While this will work, this is horrible style for at least two reasons. First, the method ‘drink_water’ will be available in SomeController, which does not have a Sing or Yodel method. Secondly, any future controllers we define will automatically inherit the method whether they should or not. How do we resolve this issue?

Enter Modules. In C++, we would use multiple inheritance. In Java, we would probably use some combination of Interfaces and Object aggregation. In Ruby, because Ruby is a weakly typed language (officially called ‘Duct Typing” – I’ll probably write about this in a future post), we would import a Module. It’s interesting, actually, that Ruby, which touts itself as such an Object Oriented language, would have a feature like this. For those developers familiar with PHP, this is basically the same thing as defining a bunch of methods in a file and then calling ‘require’ on the file.

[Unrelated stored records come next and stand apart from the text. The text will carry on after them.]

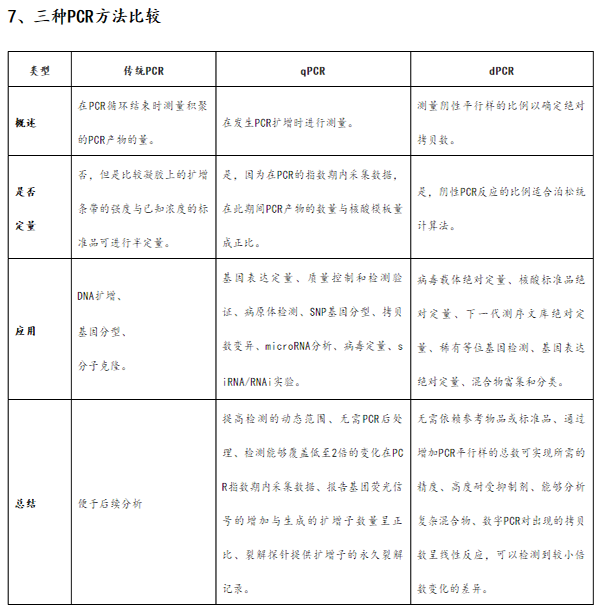 普通PCR技术和数字PCR技术的区别?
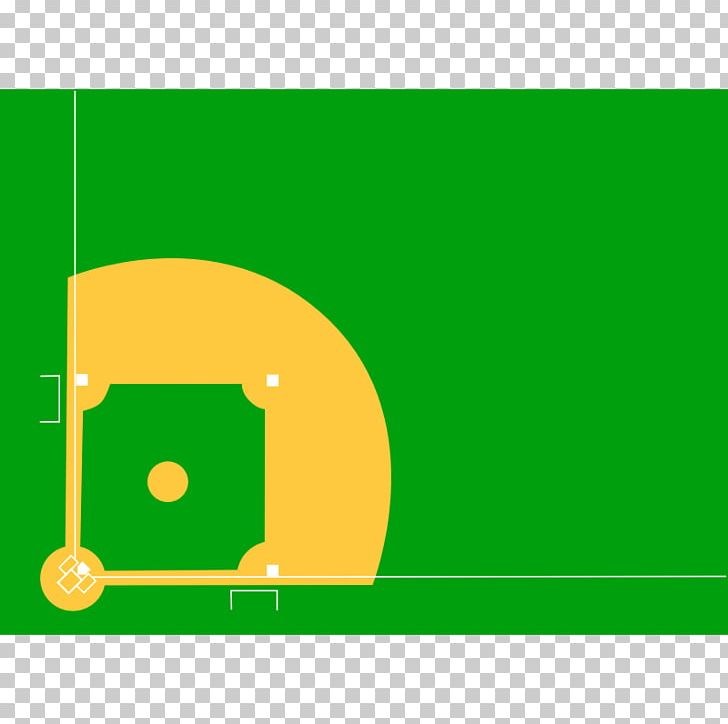 Baseball Field Baseball Park PNG, Clipart, Angle, Area, Baseball, Baseball Field, Baseball Glove Free PNG Download
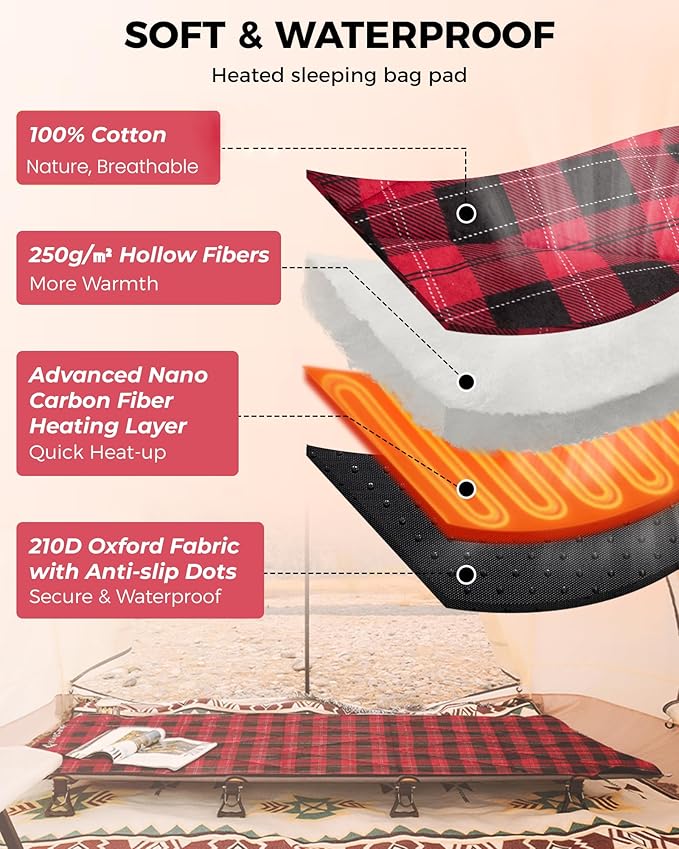 KingCamp 6 Heating Zones Heated Sleeping Bag Pad 3s Heat-up Portable XL Sleeping Bag Liner for Cold Weather Camping Hiking Multi USB Power Supported Compact Bag Included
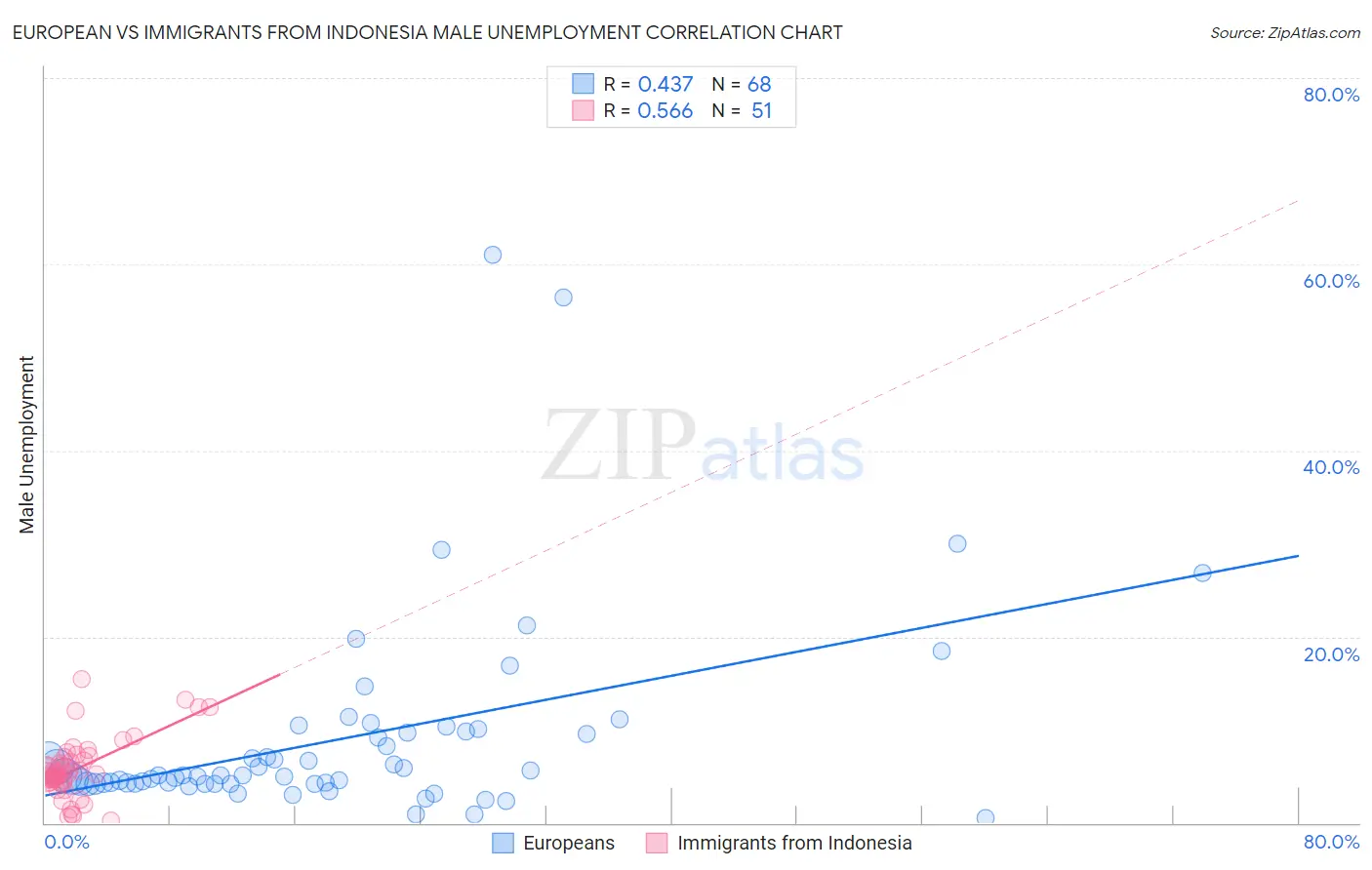 European vs Immigrants from Indonesia Male Unemployment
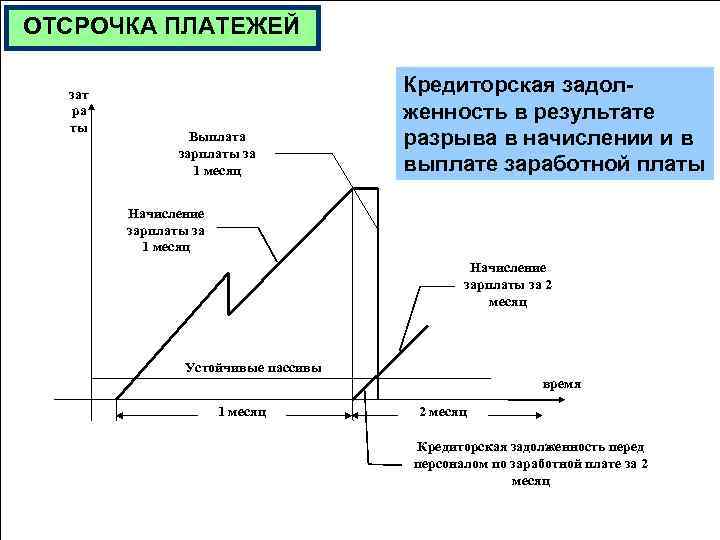 ОТСРОЧКА ПЛАТЕЖЕЙ зат ра ты Выплата зарплаты за 1 месяц Кредиторская задолженность в результате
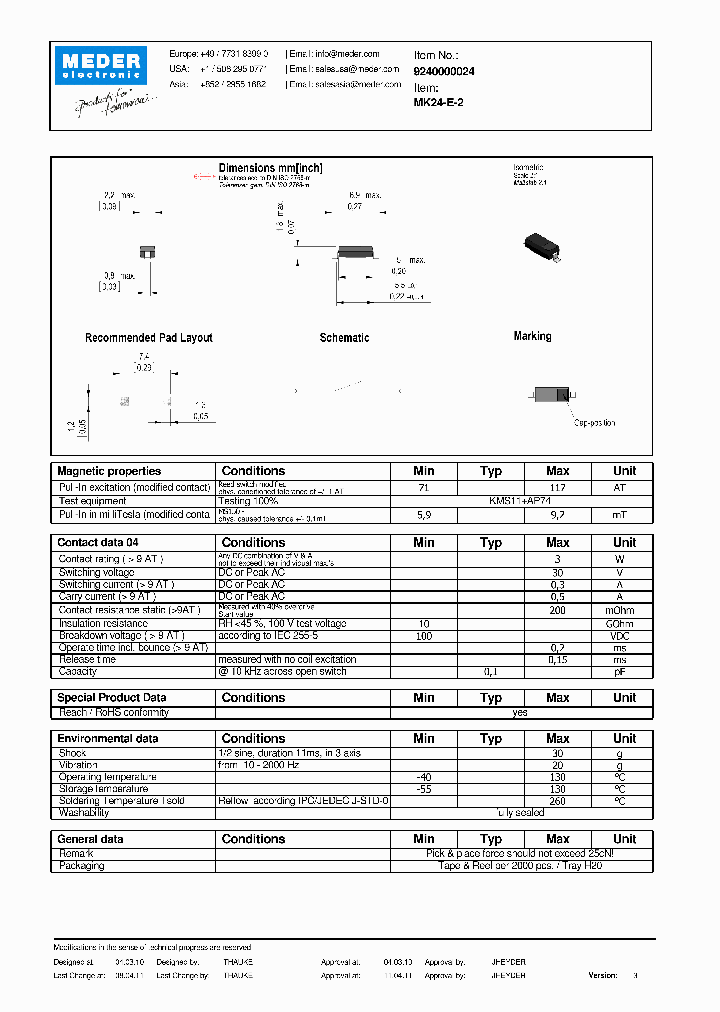 MK24-E-2_2601965.PDF Datasheet
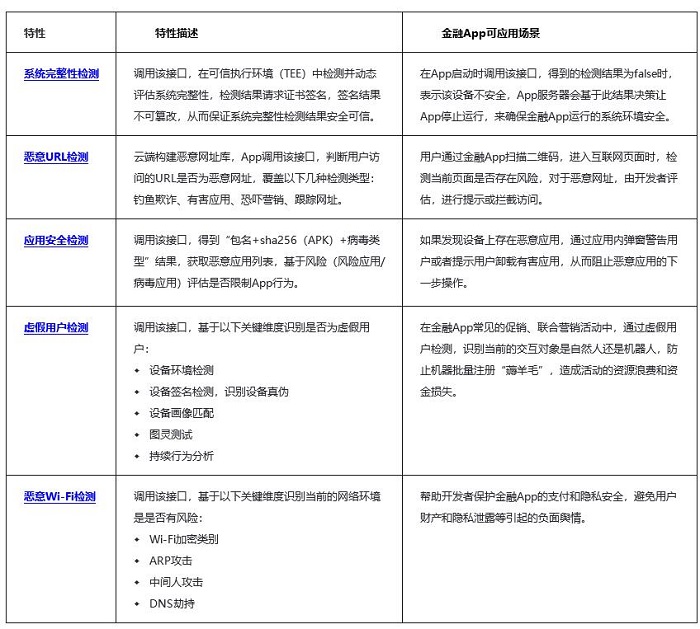 金融App面临安全风险？解锁HMS Core安全检测服务解决方案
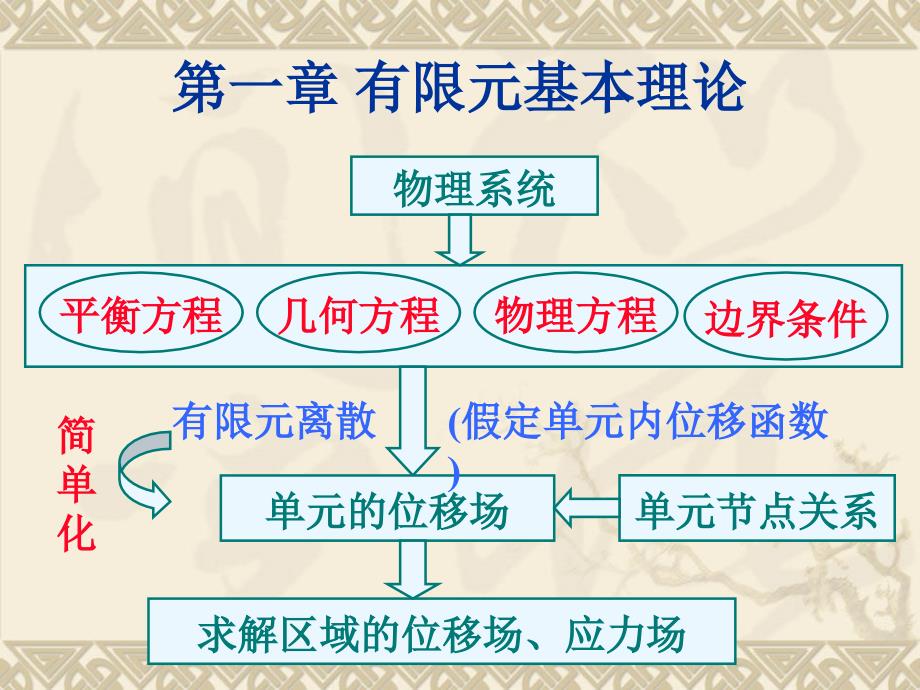 工程分析应用软件(ANSYS)第1章 有限元基本理论_第3页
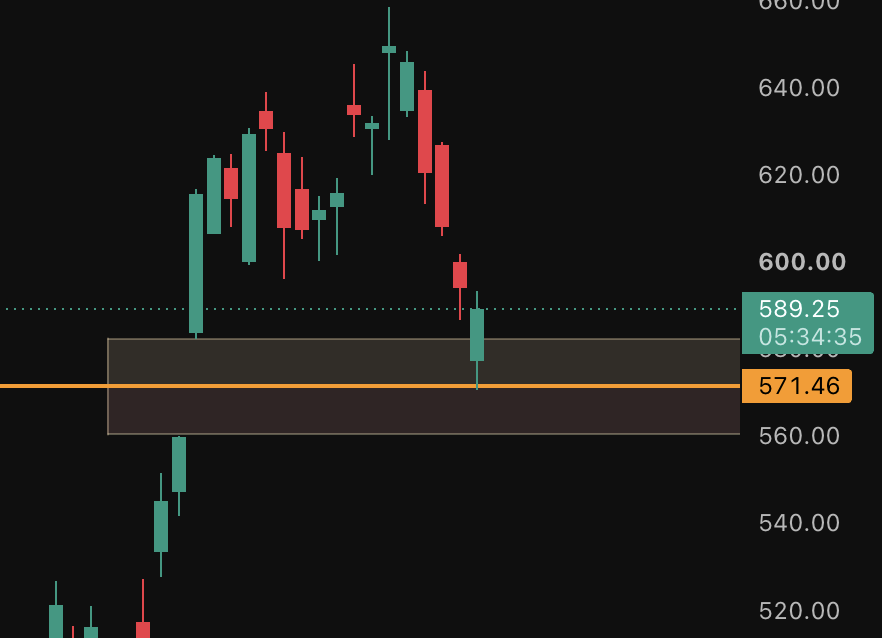 2to4co's tweet photo. And just like that we're off 📈

Simple right?

Follow and turn on notis so you don't miss the next call https://t.co/lGOezAEGtZ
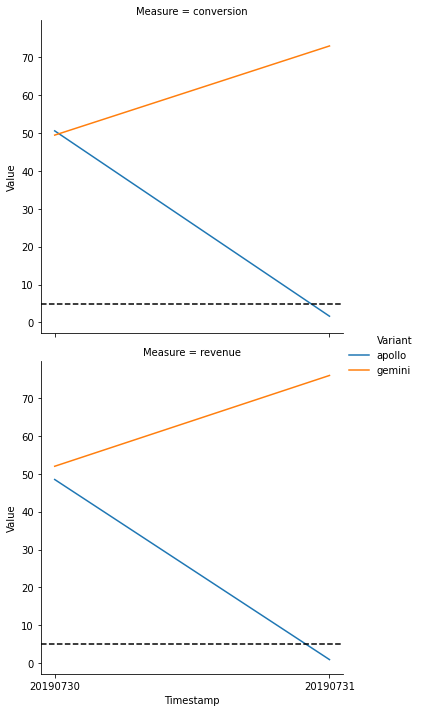 ../_images/notebooks_05-experiments_11_0.png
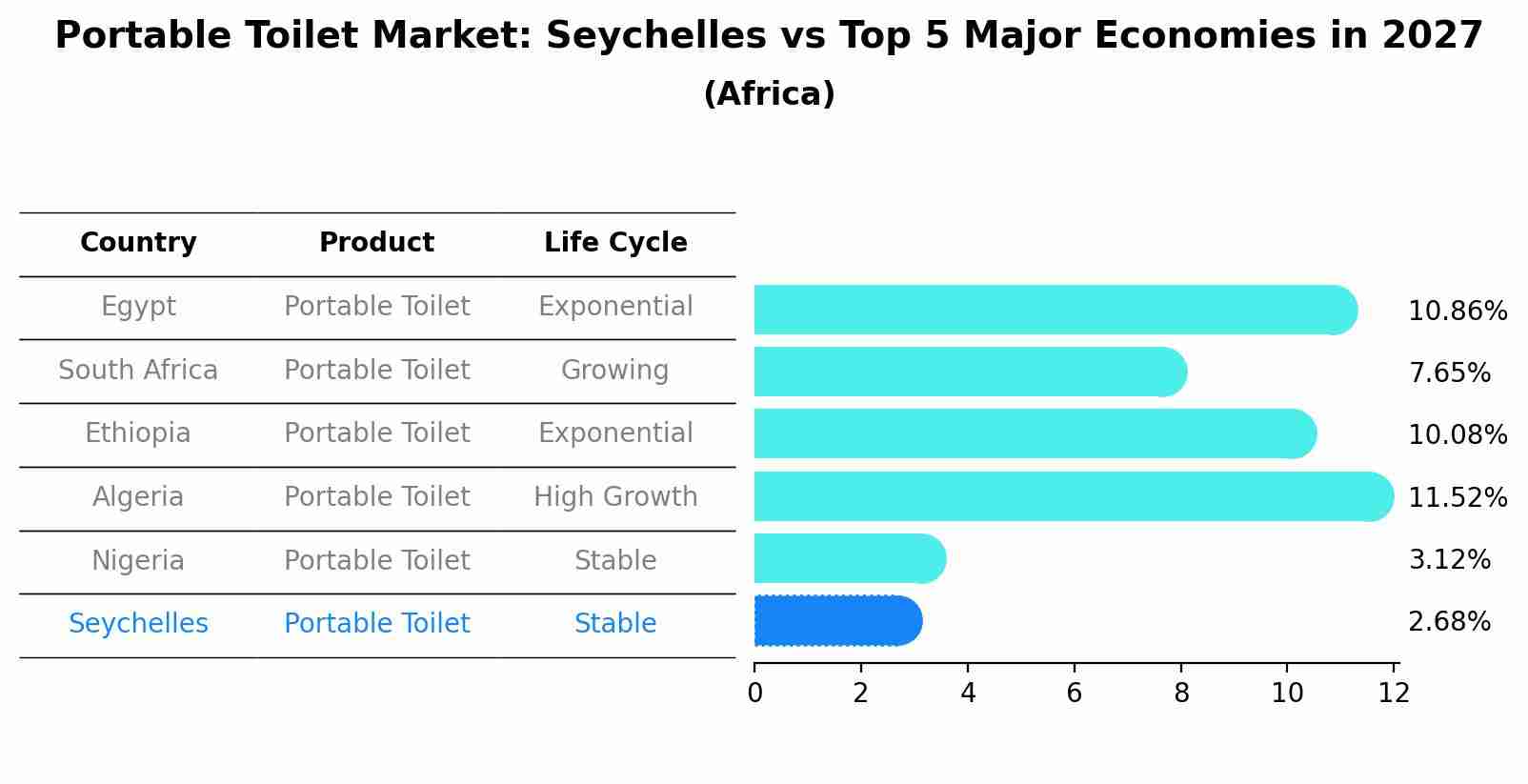 Portable Toilet Market: Seychelles vs Top 5 Major Economies in 2027 (Africa)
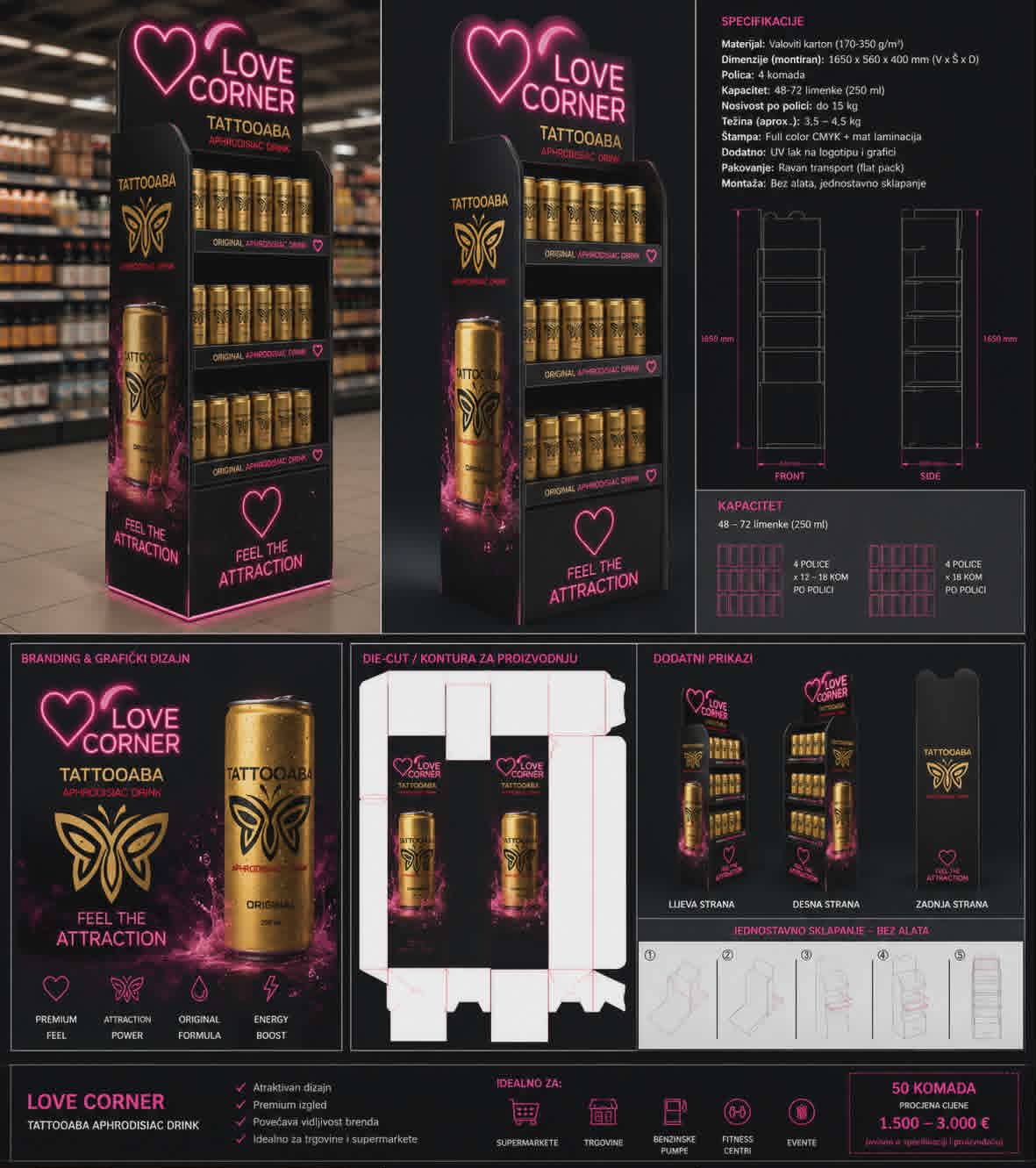 LOVE CORNER — Retail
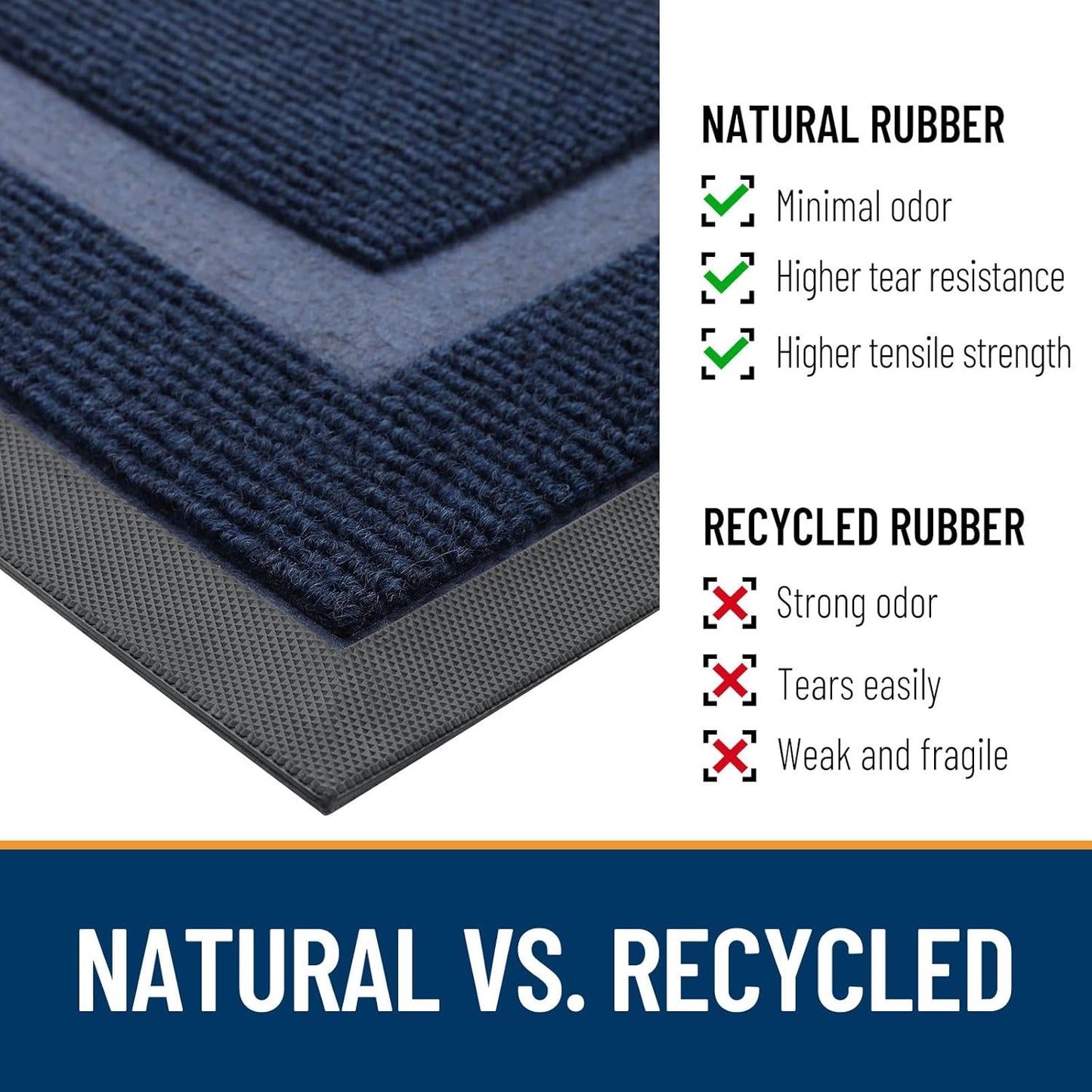 OLANLY Half Circle Door Mat - Waterproof All-Weather Entrance Mat | Easy Clean Natural Rubber, 47x32, Blue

But – I digress. Let’s solve our problem at hand:

module DrinkMethods
   def drink_water

   end
end

This defines our Module. Let’s save it as drink_methods.rb, in /app/controllers, for simplicity’s sake – but for future reference it probably does not belong in that directly.

Now let’s modify our Controllers that need this method:

 require 'drink_methods'
 class OtherController < ApplicationController
 import DrinkMethods
 def sing
 end

 end

require 'drink_methods'
class AnotherController < ApplicationController
     import DrinkMethods
     def yodel
     end

 end

Voila! Now we have access to the following URIs without introducing unnecessary inheritances:

/other/drink_water
/another/drink_water

Now get out there and write some Ruby.